Súplica de Inês de Castro
Cortesia de wikipédia
Após uma invocação do poeta a Calíope, Vasco da Gama começa por explicar a geografia da Europa e a situação de Portugal no continente (estrofes 6 a 20), «quase cume da cabeça De Europa toda». Inicia então a narrativa da história de Portugal. De Luso a Viriato, passa para o rei D. Afonso VI de Leão e Castela, D. Teresa e o conde D. Henrique. Segue-se a luta de D. Afonso Henriques pela formação da nacionalidade e a enumeração dos feitos guerreiros do primeiro rei de Portugal contra castelhanos, leoneses e mouros. Neste episódio (estrofes 35 a 41) conta-se a história do aio de D. Afonso Henriques. Tendo dado a sua palavra ao rei de Castela que o soberano português lhe prestaria vassalagem, conseguiu o levantamento do cerco castelhano a Guimarães. Mas como D. Afonso Henriques se recusou a acatar estas condições, Egas Moniz foi entregar-se ao rei castelhano, com a mulher e os filhos, comovendo a todos pela sua lealdade e honra. Em seguida (estrofes 42 a 54) é narrada a lenda da batalha de Ourique, em que o fundador de Portugal derrota cinco reis mouros depois de ter uma visão de Cristo. Por este motivo pinta os cinco escudos e os trinta dinheiros na bandeira de Portugal.
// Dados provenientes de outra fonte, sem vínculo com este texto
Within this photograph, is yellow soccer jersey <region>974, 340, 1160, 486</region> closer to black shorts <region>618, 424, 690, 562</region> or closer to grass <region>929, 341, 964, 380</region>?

É mais um exemplo de uma vívida batalha épica, em que os portugueses enfrentam um inimigo cem vezes superior em número. O corajoso exército «Rompe, corta, desfaz, abola e talha» as forças inimigas, pondo os restantes em fuga apavorada. No final, tantos são mortos em batalha que o sangue destes corre em rios e pinta o campo verde e branco de carmesim. A descrição das conquistas do rei Afonso continua (estrofes 55 a 68) em ritmo acelerado: Leiria, Arronches, Santarém, Mafra, Sintra, Lisboa, Óbidos, Alenquer, Torres Vedras, Elvas, Moura, Serpa, Alcácer do Sal, Évora, Beja, Palmela, Sesimbra, Badajoz.
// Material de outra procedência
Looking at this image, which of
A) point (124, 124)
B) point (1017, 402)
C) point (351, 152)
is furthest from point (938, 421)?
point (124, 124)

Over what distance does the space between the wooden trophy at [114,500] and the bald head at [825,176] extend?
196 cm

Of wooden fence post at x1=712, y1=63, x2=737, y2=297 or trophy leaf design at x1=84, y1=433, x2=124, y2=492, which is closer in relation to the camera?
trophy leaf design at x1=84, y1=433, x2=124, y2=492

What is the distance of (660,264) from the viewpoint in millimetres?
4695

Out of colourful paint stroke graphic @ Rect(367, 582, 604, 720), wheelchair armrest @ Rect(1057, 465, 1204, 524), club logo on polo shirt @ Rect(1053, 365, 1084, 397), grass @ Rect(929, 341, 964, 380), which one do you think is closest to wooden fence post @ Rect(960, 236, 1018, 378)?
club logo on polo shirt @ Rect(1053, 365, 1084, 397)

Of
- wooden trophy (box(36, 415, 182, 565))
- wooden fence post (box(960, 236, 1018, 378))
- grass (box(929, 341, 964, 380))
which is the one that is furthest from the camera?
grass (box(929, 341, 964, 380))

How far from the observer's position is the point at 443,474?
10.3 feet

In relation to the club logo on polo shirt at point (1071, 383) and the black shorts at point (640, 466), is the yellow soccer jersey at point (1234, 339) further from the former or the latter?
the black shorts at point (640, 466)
O turbilhão de emoções continua com este episódio lírico-trágico (estrofes 118 a 135), talvez o mais reconhecido d'Os Lusíadas. Convém que se não perca de vista a sua integração no poema, via alocução de Vasco da Gama ao rei de Melinde. Costuma-se classificá-lo como lírico, distinguindo-o assim, sobretudo, dos mais comuns episódios bélicos. D. Inês e D. Pedro são os amantes trágicos por excelência. O seu amor é ilícito, proibido pelos poderes. O poeta que tinha escrito sonetos tão sombrios, de sofrimento amoroso, chama repetidamente este de «puro amor», e censura o rei, de quem tanto elogiara os feitos guerreiros, por esta sombra no seu reinado. D. Afonso IV pretende casar o filho que, apaixonado por Inês, recusa. A solução é eliminá-la. Trazida à presença do rei, esta implora pela sua vida, só para poder cuidar dos seus filhos. Comove o velho soberano, mas os conselheiros e o povo exigem a morte. E assim a frágil e bela apaixonada é assassinada «só por ter sujeito O coração a quem soube vencê-la» (por amar quem soube conquistar o seu coração).
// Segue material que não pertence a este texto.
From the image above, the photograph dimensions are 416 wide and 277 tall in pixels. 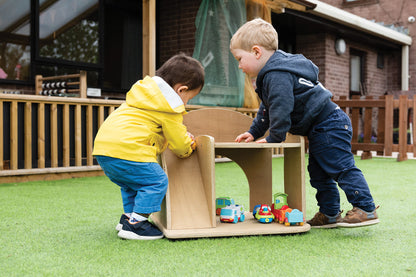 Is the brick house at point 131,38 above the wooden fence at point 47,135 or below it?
above

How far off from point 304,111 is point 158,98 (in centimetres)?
79

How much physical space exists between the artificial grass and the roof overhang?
5.01 metres

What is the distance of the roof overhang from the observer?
7555mm

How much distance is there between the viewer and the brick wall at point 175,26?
313 inches

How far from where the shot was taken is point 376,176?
522 centimetres

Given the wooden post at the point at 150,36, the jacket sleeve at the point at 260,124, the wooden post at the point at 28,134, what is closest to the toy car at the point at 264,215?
the jacket sleeve at the point at 260,124

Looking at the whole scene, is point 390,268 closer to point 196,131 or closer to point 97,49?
point 196,131

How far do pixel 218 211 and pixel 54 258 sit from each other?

Uma rápida análise do episódio permite encontrar aí presentes, com maior ou menor clareza, elementos trágicos como o destino, que conduz a acção para o final trágico; a peripécia; até algo próximo do papel do coro (apóstrofes). A nobreza moral e social dos personagens é também salientada, de modo a criar no leitor sentimentos de terror e de piedade perante a desgraça que se abate sobre a protagonista (catástrofe). Quando Inês teme mais a orfandade dos filhos que a própria perda da vida, quando ela suplica a comutação da pena capital por um exílio na Sibéria (Cítia) ou na Líbia, entre «toda a feridade», só para poder criar os filhos do seu amor, quando é comparada com «a linda moça Policena, consolação extrema da mãe velha», quando o leitor escuta toda a estrofe 134, e mesmo a 135, estão-se a dedilhar os acordes da piedade. Já os versos iniciais da estrofe 124, a apóstrofe com que termina a 130 (e antes a da segunda metade da 123) e a estrofe 133 estão ao serviço da sugestão do terror trágico. Depois da vingança de D. Pedro, o cruel, é apresentado o brando D. Fernando, responsabilizado pela quase perda do reino durante as guerras fernandinas e pela crise que o país enfrentaria após a sua morte. Interpretando estas crises como consequência ou castigo do amor do rei por Leonor Teles, o romântico poeta acrescenta «Mas quem pode livrar-se por ventura Dos laços que Amor arma brandamente». Por isso, continua, o monarca tem desculpa (estrofe 143) para quem já amou, quem nunca amou será mais ríspido nas críticas.